Terrific column by Peter Oborne.
The decision to give Lady Thatcher what amounts to a state funeral will not lead to fascism. But it nevertheless badly damages the British system of representative democracy, and as such will lead to a series of debilitating practical problems. The most serious of them concerns damage to the reputation of the monarch for scrupulous impartiality. During her long reign, the Queen has avoided attending the funerals of all her prime ministers, apart from that of Churchill, who had led the national government of a united Britain in the great common struggle against Nazi Germany. This is why he was the sole exception to the rule that former prime ministers do not get state funerals.

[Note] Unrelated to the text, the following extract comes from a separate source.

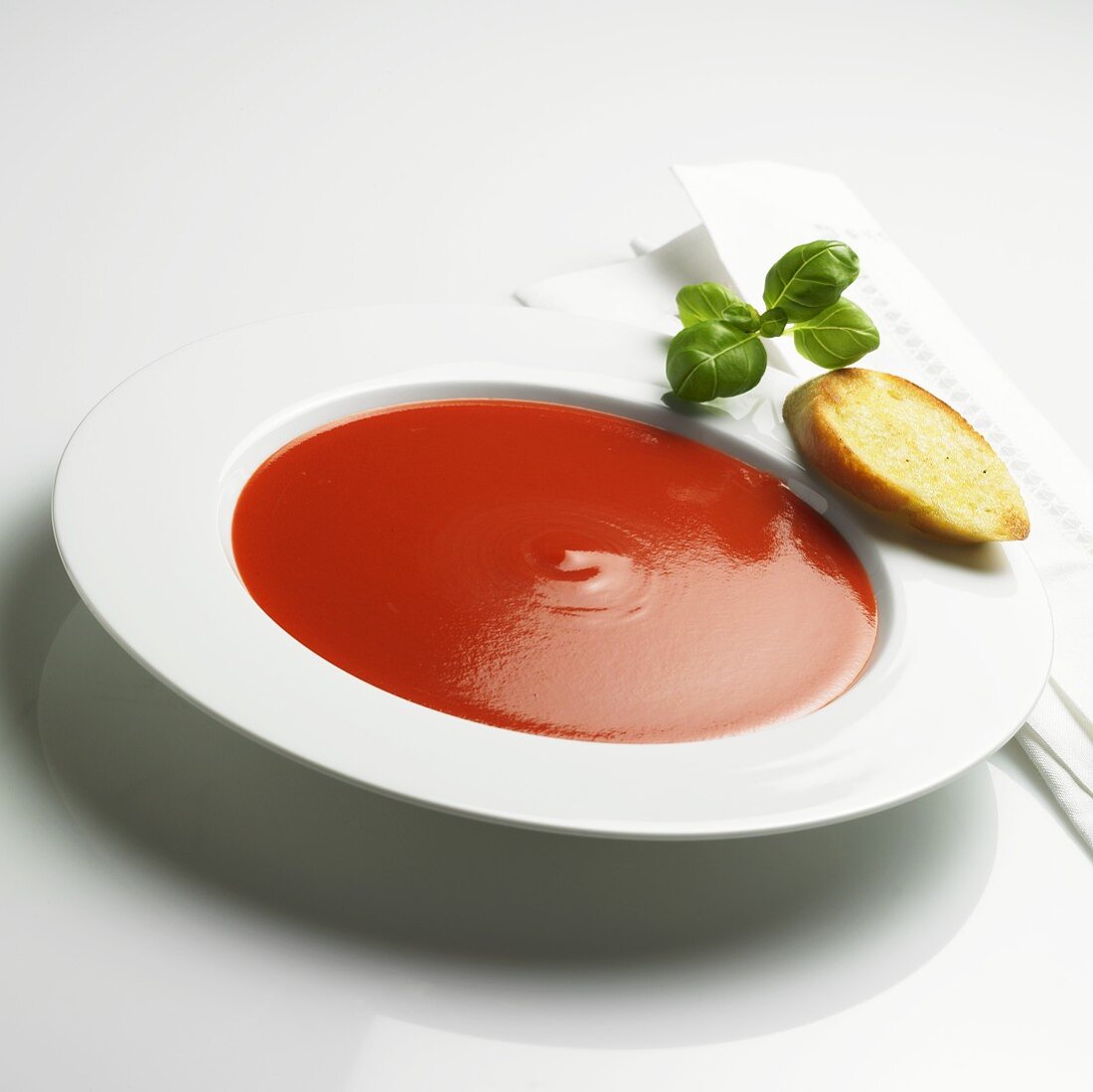 Tomato soup with toast and basil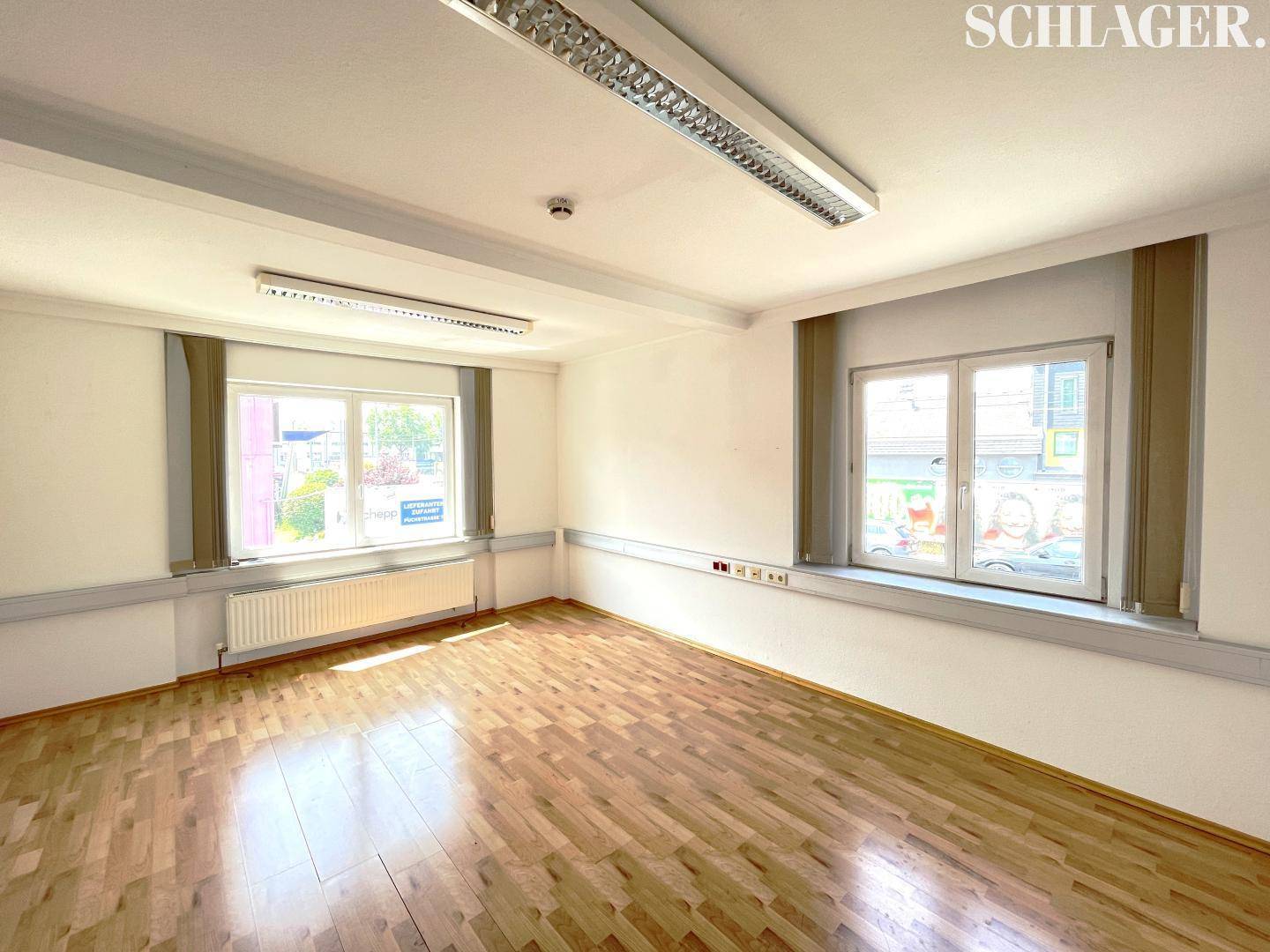 Geräumiger Büroraum mit zwei großen Fenstern, Laminatboden und weißen Wänden.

So the question arises: what’s so special about Maggie Thatcher? Defenders of next week’s funeral arrangements say that she was a “transformational” prime minister. This is true. But so was Clement Attlee, who introduced the welfare system and the National Health Service, thus fundamentally changing the connection between state and individual. Yet the Queen did not attend Mr Attlee’s funeral, a quiet affair in Temple Church near Westminster. According to a 1967 report in Time magazine, “all the trappings of power were absent last week at the funeral of Earl Attlee … there were no honour guards or artillery caissons, no press or television, no crush of spectators. Only 150 friends and relatives gathered for a brief Anglican ceremony in honour of the man who had shaped the political destiny of post-war Britain.”
The decision to acknowledge Lady Thatcher, but not Attlee, makes the Queen appear partisan and is totally out of kilter with the traditional impartiality of the modern British monarchy.